[Opening Dataset content section]

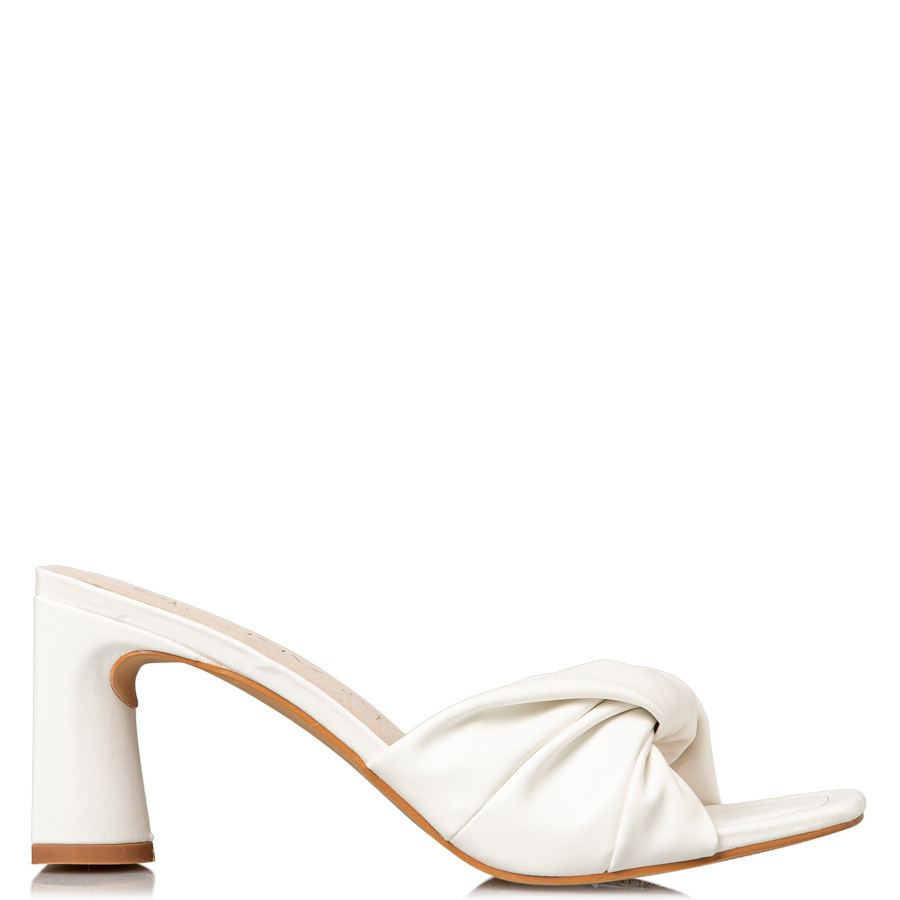 Envie Shoes Mules με Χοντρό Χαμηλό Τακούνι σε Λευκό Χρώμα V841507733 Skroutz.gr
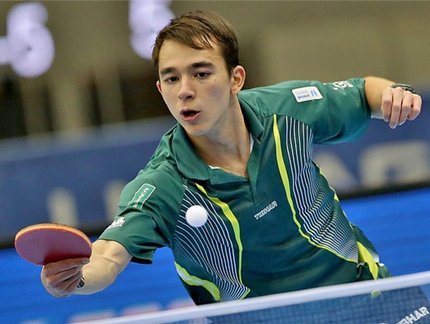 Aberto da Suécia: Hugo Calderano estreia com vitória e avança para os 32 avos de final do torneio individual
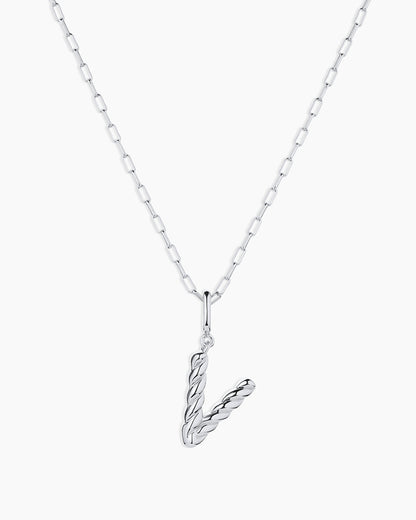 Crew Alphabet Statement Charm Necklace
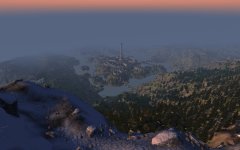 Distant view with vanilla fog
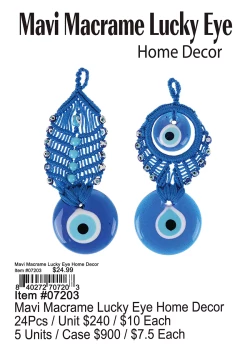 Mavi Macrame Lucky Eye Home Decor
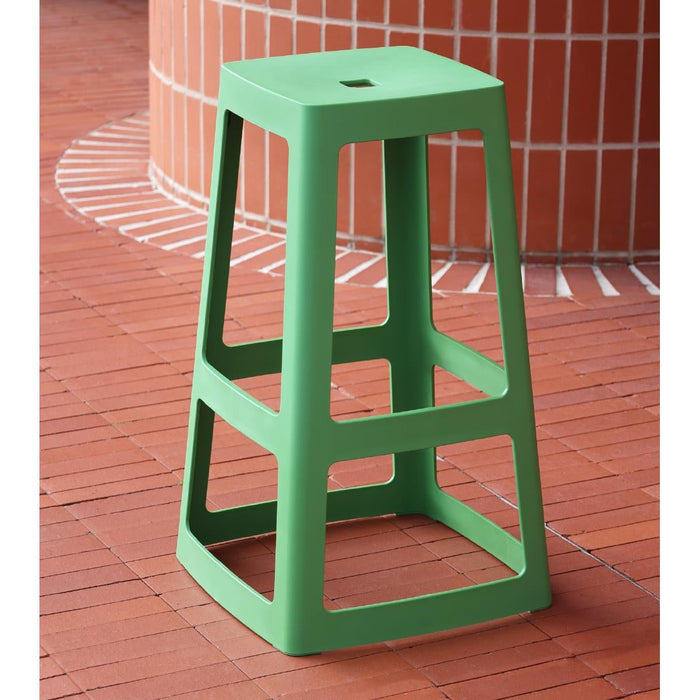 Origin Base High Stool May Green 450x450x750mm (2 Pack) Origin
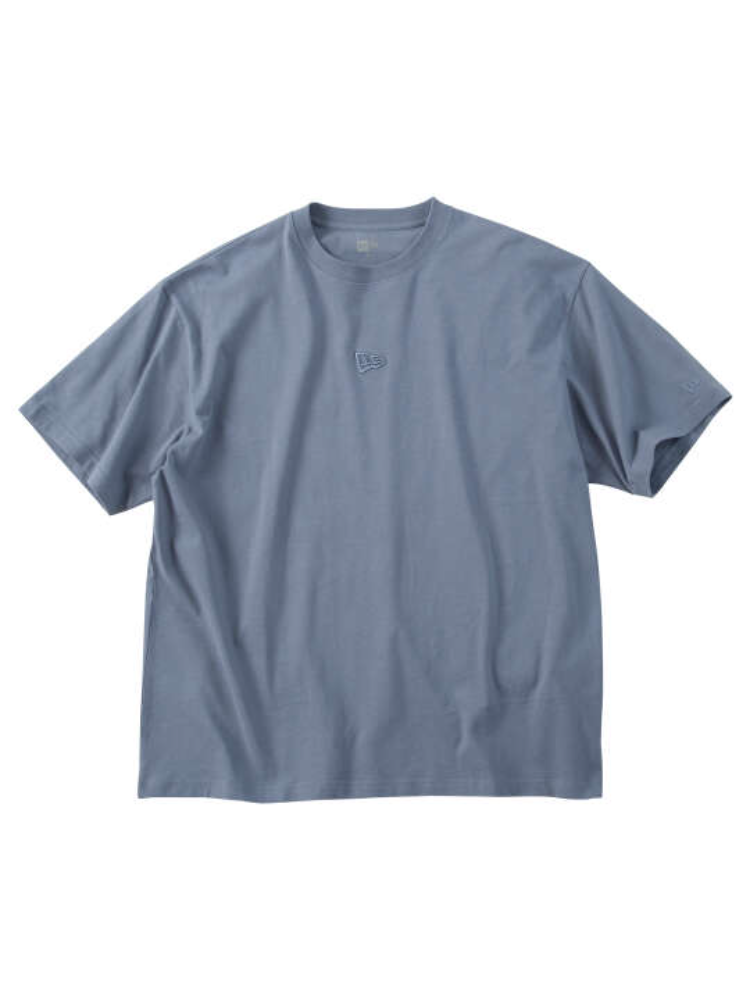 【NEWERA(ニューエラ)】レイズドフラッグロゴ刺繍半袖Tシャツ＊カタログ商品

[Closing Dataset content section]

Activity
Give back the data exactly. Skip any images.

Answer
 Envie Shoes Mules με Χοντρό Χαμηλό Τακούνι σε Λευκό Χρώμα V841507733 Skroutz.gr
 Aberto da Suécia: Hugo Calderano estreia com vitória e avança para os 32 avos de final do torneio individual
 Crew Alphabet Statement Charm Necklace
 Distant view with vanilla fog
 Mavi Macrame Lucky Eye Home Decor
 Origin Base High Stool May Green 450x450x750mm (2 Pack) Origin
 【NEWERA(ニューエラ)】レイズドフラッグロゴ刺繍半袖Tシャツ＊カタログ商品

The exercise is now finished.